• [WHAT IS NEEDED]
Please retype exactly, and with nothing added, the lines of the material from the one with "Easy DIY Mini Pond That Anyone Can Build" through the final one.
# # # # #
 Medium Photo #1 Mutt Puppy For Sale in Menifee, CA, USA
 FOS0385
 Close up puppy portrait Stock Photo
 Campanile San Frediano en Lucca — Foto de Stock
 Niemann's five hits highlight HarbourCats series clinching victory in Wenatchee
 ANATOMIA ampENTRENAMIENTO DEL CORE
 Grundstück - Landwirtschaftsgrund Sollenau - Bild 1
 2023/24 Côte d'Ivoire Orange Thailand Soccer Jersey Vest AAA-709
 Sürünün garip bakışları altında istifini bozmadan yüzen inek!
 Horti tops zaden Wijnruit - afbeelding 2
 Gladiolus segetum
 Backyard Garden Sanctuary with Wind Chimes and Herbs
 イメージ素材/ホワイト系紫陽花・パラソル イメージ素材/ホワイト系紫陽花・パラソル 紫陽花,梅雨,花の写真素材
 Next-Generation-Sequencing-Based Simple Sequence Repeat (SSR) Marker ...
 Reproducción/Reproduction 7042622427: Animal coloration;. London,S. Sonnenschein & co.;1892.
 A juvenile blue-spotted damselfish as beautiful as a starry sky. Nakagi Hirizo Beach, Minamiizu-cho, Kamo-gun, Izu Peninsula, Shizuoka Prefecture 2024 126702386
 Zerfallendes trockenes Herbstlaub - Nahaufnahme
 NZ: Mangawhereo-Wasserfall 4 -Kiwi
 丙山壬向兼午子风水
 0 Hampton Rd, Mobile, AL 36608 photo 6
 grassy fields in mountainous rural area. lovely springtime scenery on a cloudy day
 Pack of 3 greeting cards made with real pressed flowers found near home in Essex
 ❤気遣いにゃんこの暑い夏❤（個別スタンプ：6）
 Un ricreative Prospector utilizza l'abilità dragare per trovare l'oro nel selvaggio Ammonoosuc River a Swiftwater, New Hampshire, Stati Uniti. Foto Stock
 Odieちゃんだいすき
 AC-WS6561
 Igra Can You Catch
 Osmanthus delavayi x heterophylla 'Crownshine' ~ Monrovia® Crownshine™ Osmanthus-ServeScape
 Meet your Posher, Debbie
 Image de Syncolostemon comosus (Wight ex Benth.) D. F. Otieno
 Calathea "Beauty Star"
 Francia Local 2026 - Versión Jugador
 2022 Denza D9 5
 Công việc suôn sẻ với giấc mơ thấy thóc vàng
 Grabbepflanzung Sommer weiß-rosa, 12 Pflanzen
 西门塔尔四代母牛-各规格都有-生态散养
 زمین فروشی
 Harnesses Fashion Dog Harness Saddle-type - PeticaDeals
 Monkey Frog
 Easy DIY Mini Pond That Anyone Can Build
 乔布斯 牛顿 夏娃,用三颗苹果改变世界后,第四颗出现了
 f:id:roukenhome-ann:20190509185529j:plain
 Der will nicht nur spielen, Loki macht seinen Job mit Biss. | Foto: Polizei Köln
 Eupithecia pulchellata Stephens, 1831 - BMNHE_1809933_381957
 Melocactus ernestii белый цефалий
# # # # #
• [TASK SOLUTION]
 Easy DIY Mini Pond That Anyone Can Build
 乔布斯 牛顿 夏娃,用三颗苹果改变世界后,第四颗出现了
 f:id:roukenhome-ann:20190509185529j:plain
 Der will nicht nur spielen, Loki macht seinen Job mit Biss. | Foto: Polizei Köln
 Eupithecia pulchellata Stephens, 1831 - BMNHE_1809933_381957
 Melocactus ernestii белый цефалий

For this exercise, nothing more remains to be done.